Bertram: Corporations and the amazing people that found, lead, and run them, are our second greatest asset. (The first is our youth!) Corporations help fill our Board of Directors, sponsor our fundraising events and programs, fulfill our volunteer needs, provide critical services, and provide inspiration for, and role models of, great business practice.
YouthBiz works with each corporate donor to craft an engagement plan that meets our needs and theirs, whether they are looking to increase visibility in the community, engage their staff in culture building activities, invest in the next generation of home-grown talent, and/or provide them with a suite of rich tax-deductible benefits for their in-kind and cash donations.

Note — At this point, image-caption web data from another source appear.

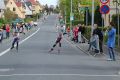 IMG_7085.jpg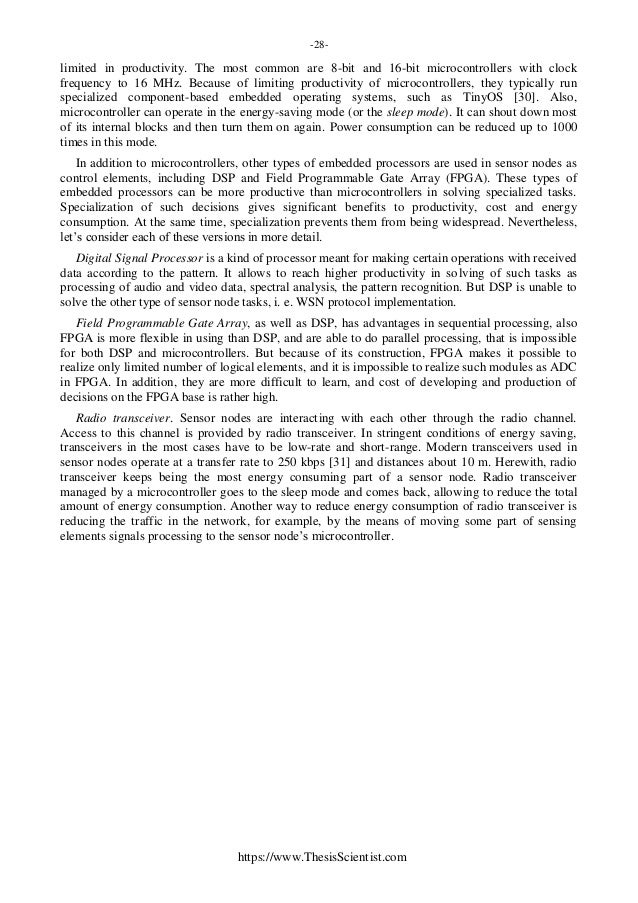 Thesis on wsn 06 picture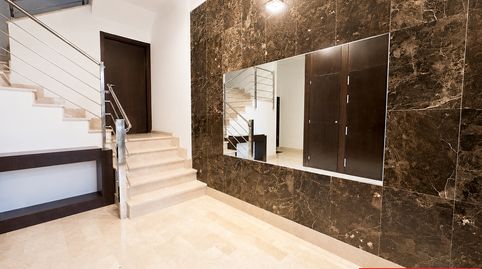 Foto 2 de Piso en venta en Rúa Martínez de Avellanosa, 10, O Carballiño , Ourense
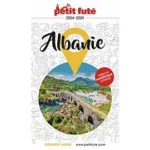 Image du produit précédent
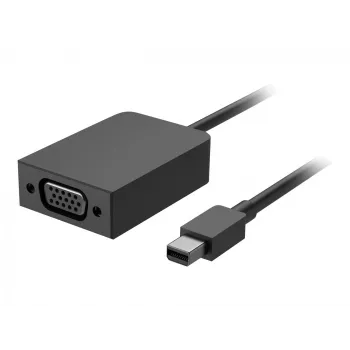 Vaizdo kabelio adapteris Microsoft Surface EJQ-00004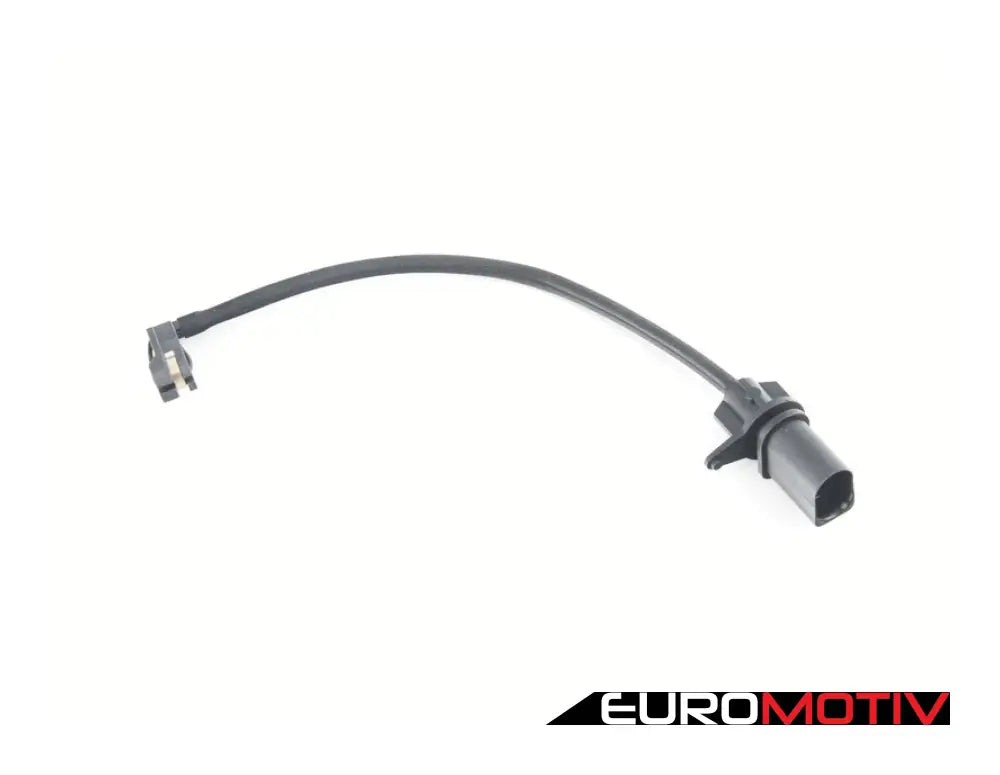 Brake Wear Sensor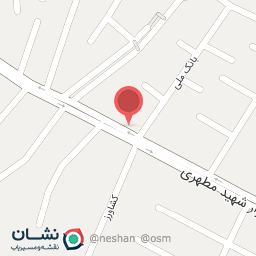 عکس بازارچه شهر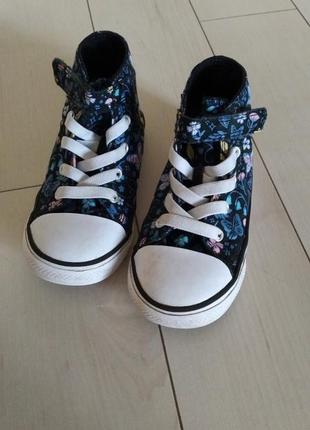 Converse all star кеди оригінал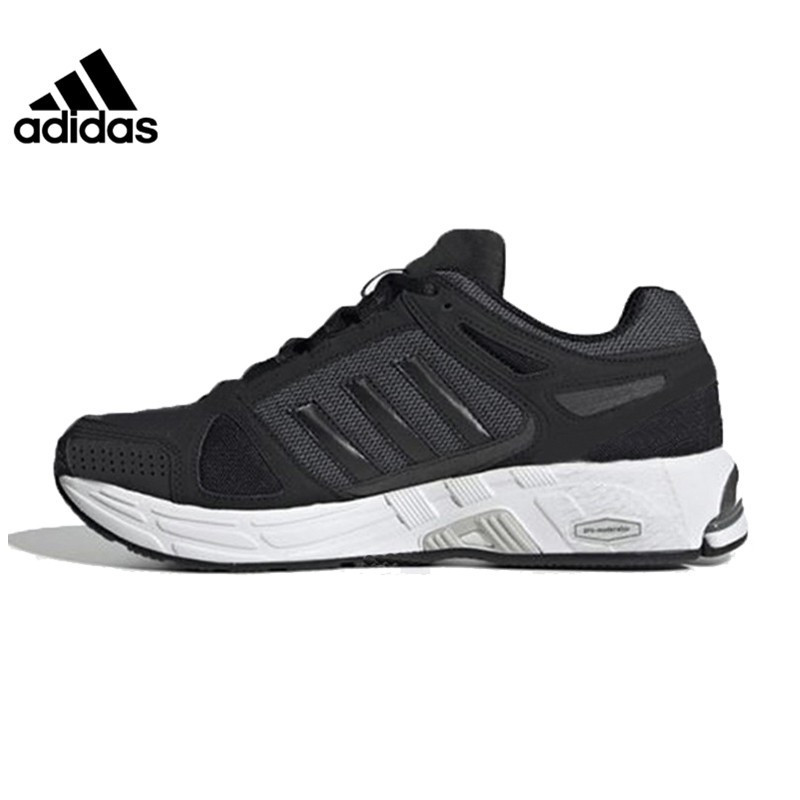 ADIDAS(阿迪)2019Response CTL7 Plus冬季中性跑步鞋EG8083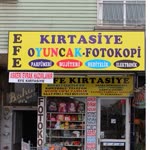 Efe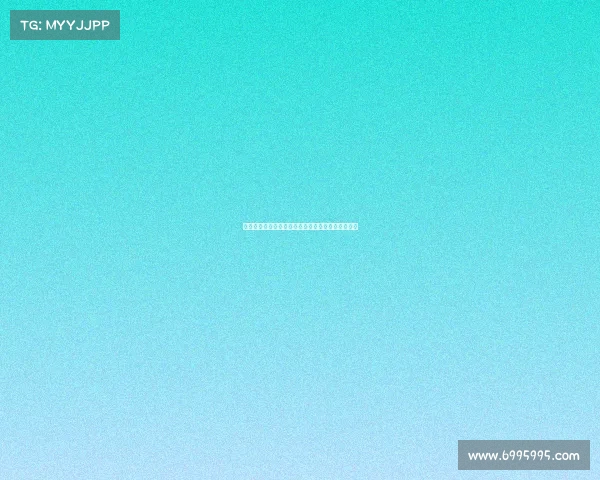 费舍尔自述：我不做魔术师，但胜利是我的终极技能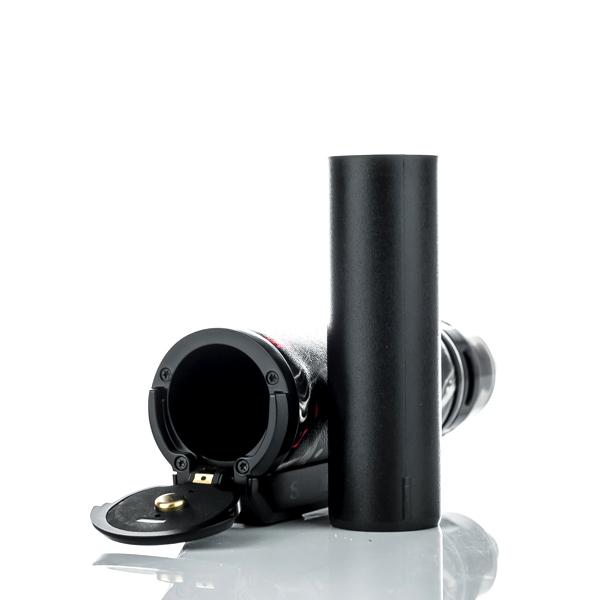 Стартовый набор SMOK Thallo S Kit (Original) - 3
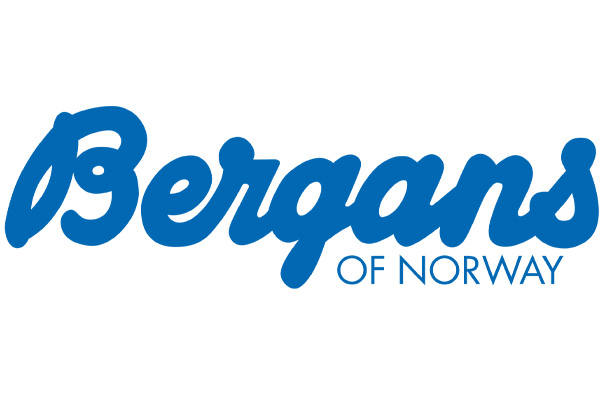 Bergans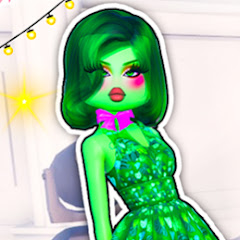 Pretty Dti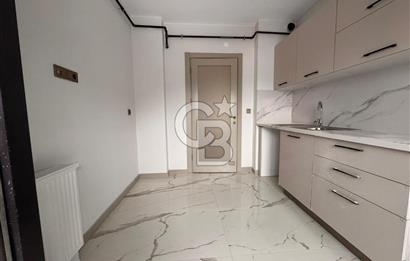 Eskişehir Odunpazarı'nda Site İçi Lüks Satılık Daire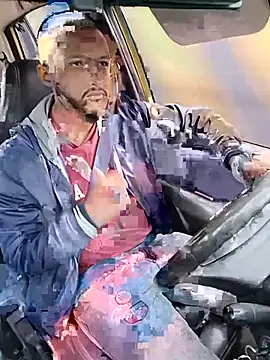 Živá chatovací místnost mosmar_20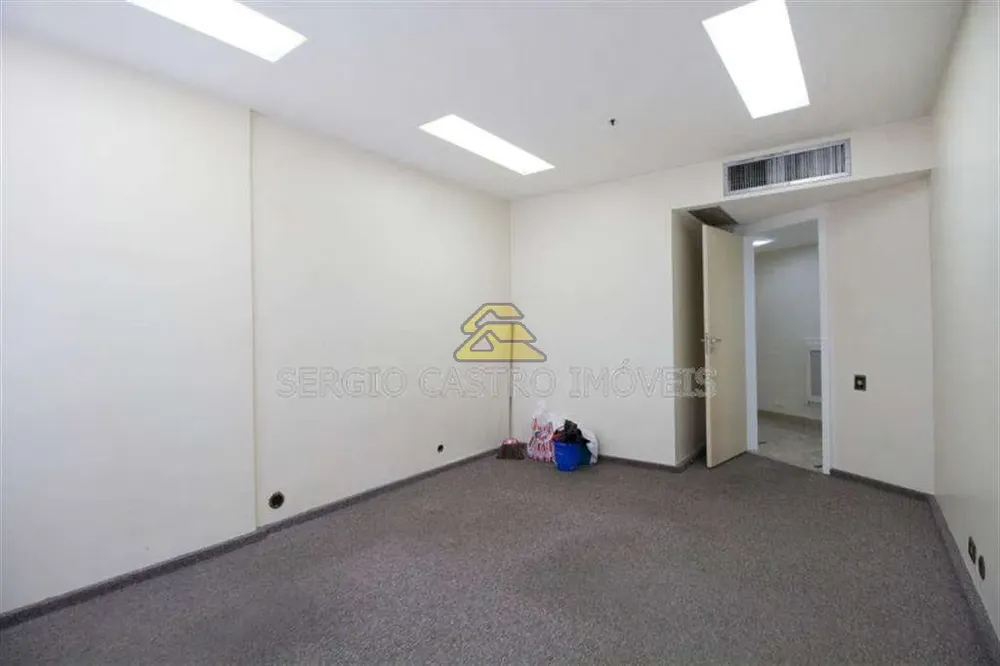 Sala-Conjunto, 260 m² - Foto 10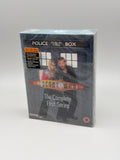 Doctor Who - Series 1 (Ecclestone)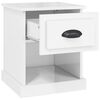 Miniatuurafbeelding van het product 7 van 11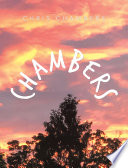 Cover of Chambers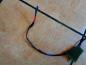 Preview: Hyundai Accent MC Bj:07 Kabel Kabelbaum Innenleuchte Innenlicht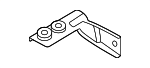 282592T030 - Cooling System: Lower Bracket for Kia Image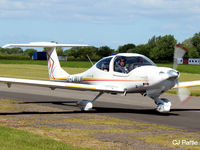 G-LWLW photo, click to enlarge G-LWLW photo, click to enlarge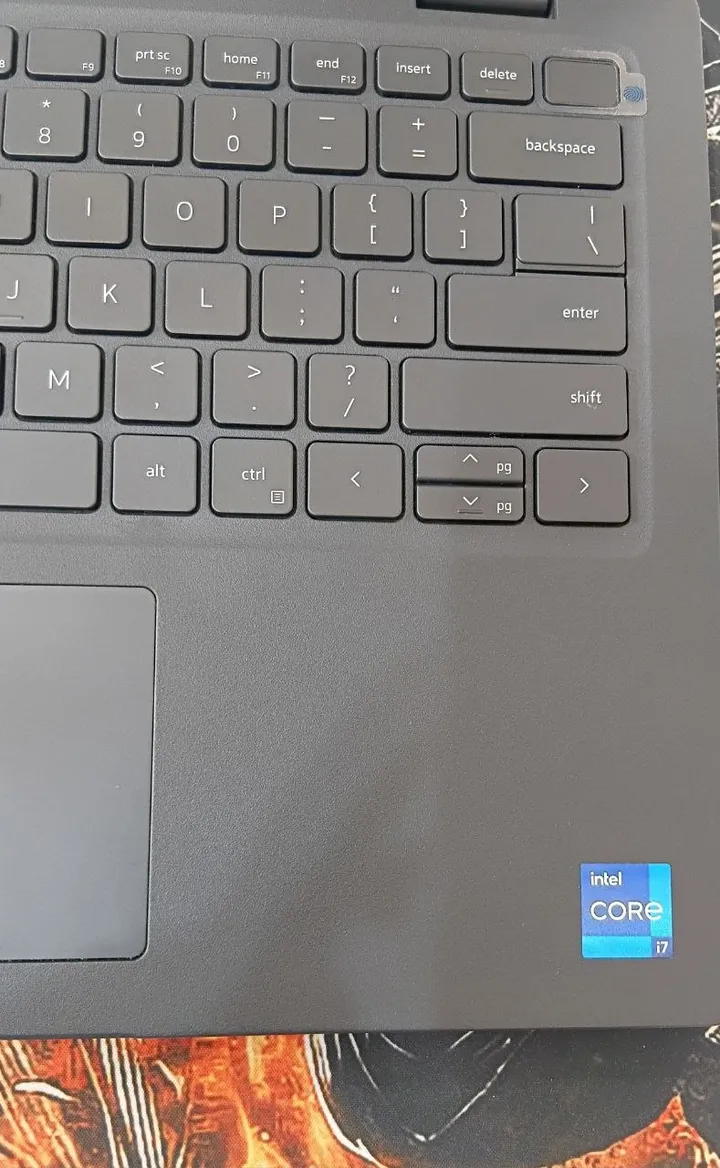Dell Latitude 3420 i7 Laptop – photo 6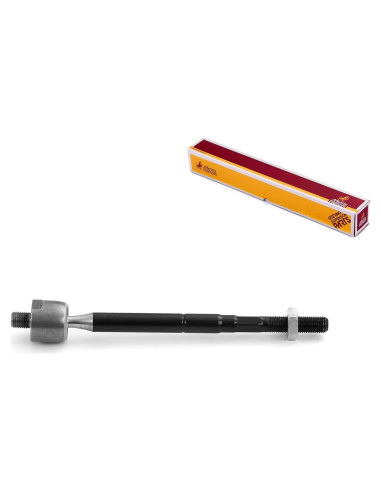 Extremo de Varilla de Dirección Interior Metrix 48468MT Toyota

Whether it is a company or an individual donor, the basic cost per youth is the same. With an average investment of $1000 per young person, per program, per year, a life can be forever changed. That’s less than $84/month to help a young person find their greatness, own it, and put it into action.
How can an aspiring youth entrepreneur get included in your program?
Bertram: I love this question because our entry level program is called Aspiring Entrepreneurs! YouthBiz offers three program sessions per year (Spring, Summer and Fall) at our 3280 Downing Street training facility, and delivers the same, or adapted programming at select schools throughout the Metro area. We’ve been fortunate to offer credit-bearing classes at McAuliffe International School and Manual High School, and are proud to partner with Mi Casa Resource Center to provide afterschool programming to the North High School Community.
Depending on the setting, YouthBiz asks interested participants to complete a written application and complete an in-person interview to help make sure that our model is a good fit for helping them achieve their personal, professional and academic goals.
Information about our locations and application requirements can be found on our website at www.youthbiz.org, by calling 303.297.0212, or visiting us at our 3280 Downing Street location.
How do you see YouthBiz evolving in the coming years?
Bertram: YouthBiz is at critical moment on our own entrepreneurial journey. Our Board has challenged us to become recognized nationally as an industry leader in youth entrepreneurship, and successfully replicate our model in multiple urban locations, nationwide, for a diverse demographic of youth by the end of 2018. This is all being done with the direct intention of ensuring that all youth, everywhere, have access to quality entrepreneurship education and the opportunity and support to put that knowledge into practice through venture launch!